Brand, M., Cooper, P., & Birnbaum, L. (1995). Seeing Physics, or: Physics is for Prediction. Proceedings Of the Workshop on Physics Based Modelling in Computer Vision. doi:10.1109/PBMCV.1995.514679

Summary

In this paper, Brand et al. argue for including physical knowledge in vision and robotics systems in order to describe scenes and make predictions about scenes. As he says, “there are physical reasons why for scenes are arranged the way they are, and we need to be aware of those reasons in order to understand the scene well enough to reach in and do something about it” (pg. 144). He describes two systems, SPROCKET and MugShot, which use physical knowledge to reason about and interact with physical scenes.

This paper makes use of qualitative physical reasoning, and maybe is more appropriate in the mental models category, but because it applies physical reasoning to robotics I’m including it here instead.

Methods

SPROCKET views images of gears and basically does scene reconstruction using physical knowledge to constrain possible interpretations. It has explicit symbolic knowledge of how the scenes can be put together (e.g. that two meshing gears limit axial translation and fix axial rotation and nonaxial translation) and uses a constraint network to resolve the image into a scene that satisifies all the constraints.
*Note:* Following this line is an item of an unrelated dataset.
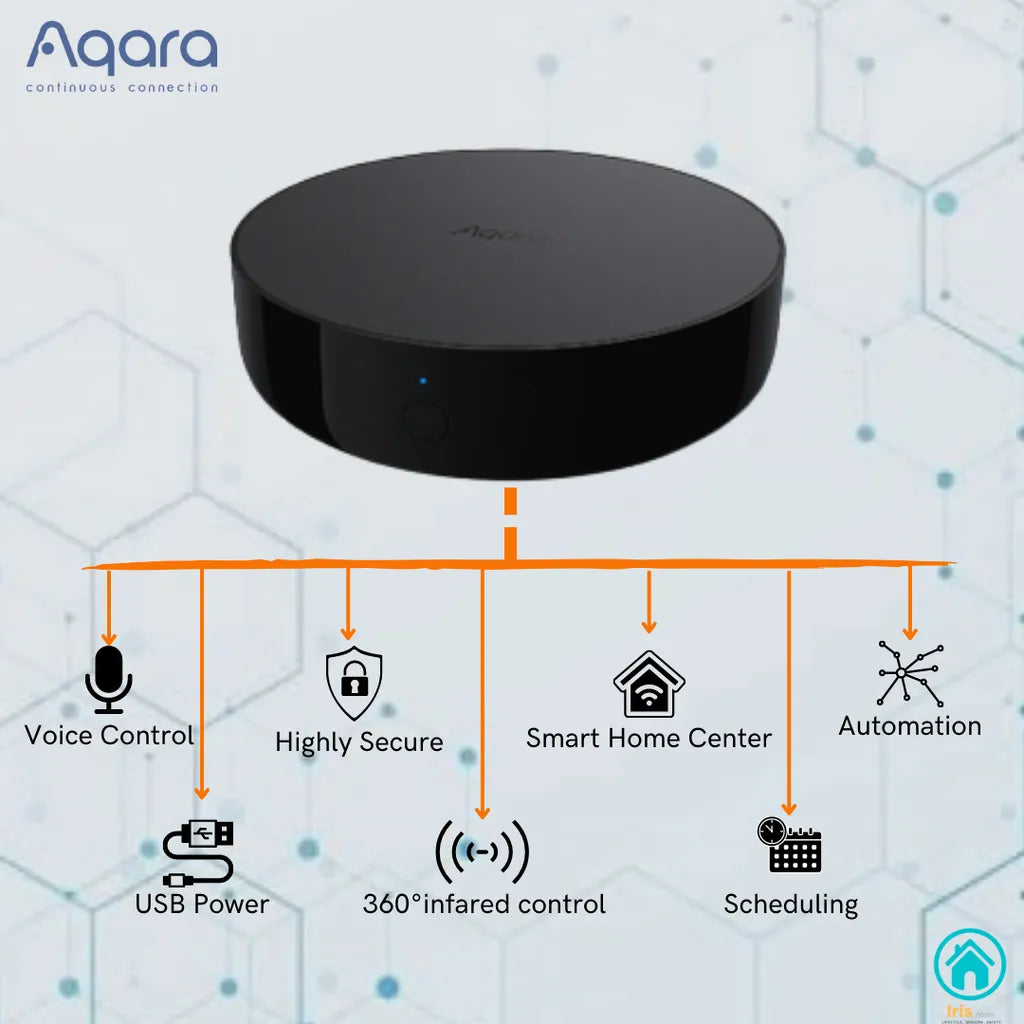 Aqara Smart Hub M2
MugShot is a system to allow robots to pick up objects with handles (e.g., mugs) and uses physical knowledge to inform how much force it needs to apply. Importantly, it also takes into account the physics of the robot’s effector as well as that of the object it is trying to grasp. The paper doesn’t really go into detail about how this works, just saying that “predicting the amount of force feedback to expect and the amount of force to apply requires visual observation as well as a causal-physical model of the object” (pg. 149). I would be interested to know what this actually entails… does it estimate the center-of-mass of the mug? Does it actually compute the points it would need to grasp it in order to keep it equilibrium? Or does it only just apply force on the fly as needed?

Algorithm

n/a

Takeaways

Having physical knowledge can greatly improve the ability of AI and robotics systems to reason about the world. There is one particular quote: “As might be expected in this bottom-up attempt at segmentation, image processing takes more than an order of magnitude more time than with SPROCKET’s semantic guidance”. I wonder if this would still be true with today’s object recognition systems.
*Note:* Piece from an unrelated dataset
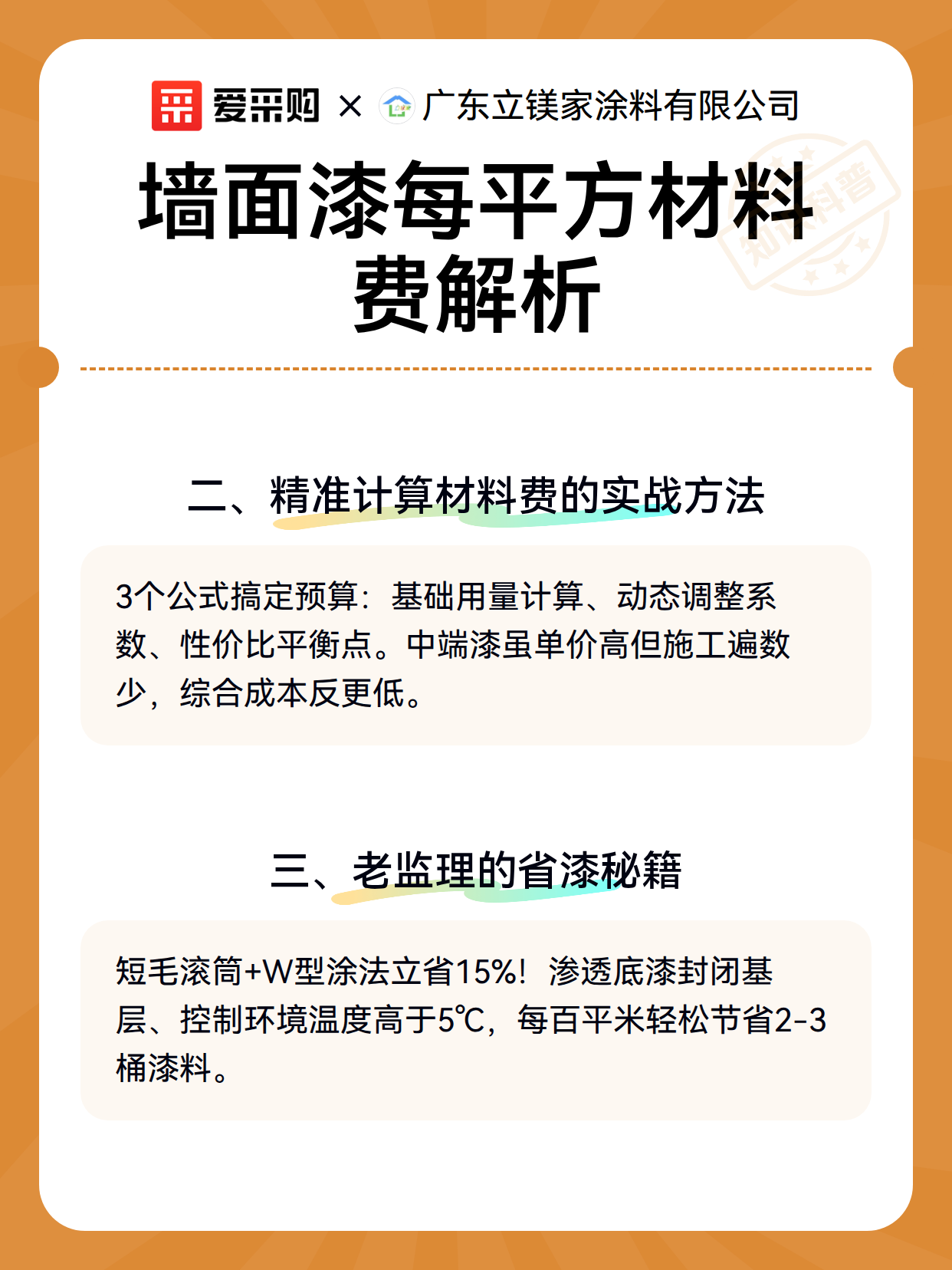 墙面漆每平方材料费解析（图3）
I do wonder, though, how systems like SPROCKET and MugShot come to possess their physical knowledge. It seems like encoding a series of rules is brittle – what if a rule is not always correct? What if there is a system that can’t be resolved? I suppose that imbuing a system with a physics simulator is also a bit like hard coding rules, but a physics simulator is a bit more general in the sense that it can be applied to any physical situation as long as the initial conditions (e.g. positions and meshes) of the system can be constructed. That’s a pretty big requirement, though. I think any physical reasoning system still has a ways to go before we’ll be able to make it completely general, though perhaps something like deep learning will allow us to construct the appropriate inputs to the simulator, thus resulting in something that is more general.